§ Records shown

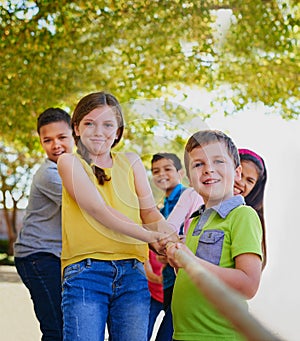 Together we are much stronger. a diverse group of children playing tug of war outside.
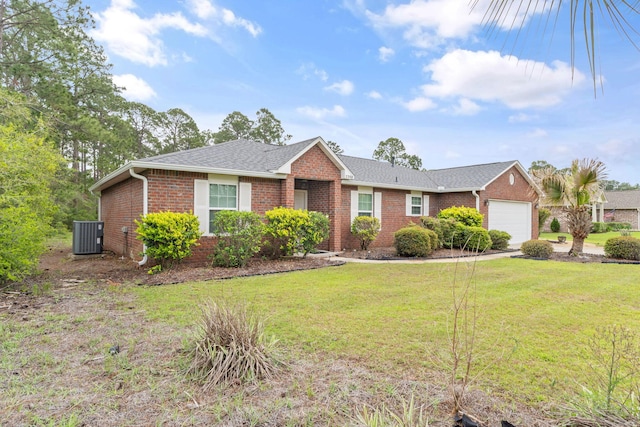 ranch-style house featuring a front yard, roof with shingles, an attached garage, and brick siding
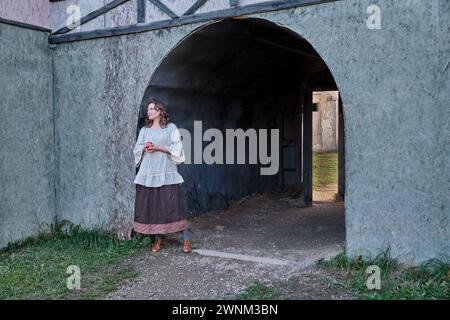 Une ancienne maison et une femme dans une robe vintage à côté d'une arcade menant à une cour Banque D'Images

* * *

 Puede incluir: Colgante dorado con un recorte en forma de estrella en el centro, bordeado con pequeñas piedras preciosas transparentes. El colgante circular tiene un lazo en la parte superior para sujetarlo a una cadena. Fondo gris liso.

§ Work to complete
Leave the pictures out, and transcribe exactly the lines above starting at the one that contains "ranch-style house featuring" and ending at the one that contains "Une ancienne maison".

§ Solution to this task
 ranch-style house featuring a front yard, roof with shingles, an attached garage, and brick siding
 Une ancienne maison et une femme dans une robe vintage à côté d'une arcade menant à une cour Banque D'Images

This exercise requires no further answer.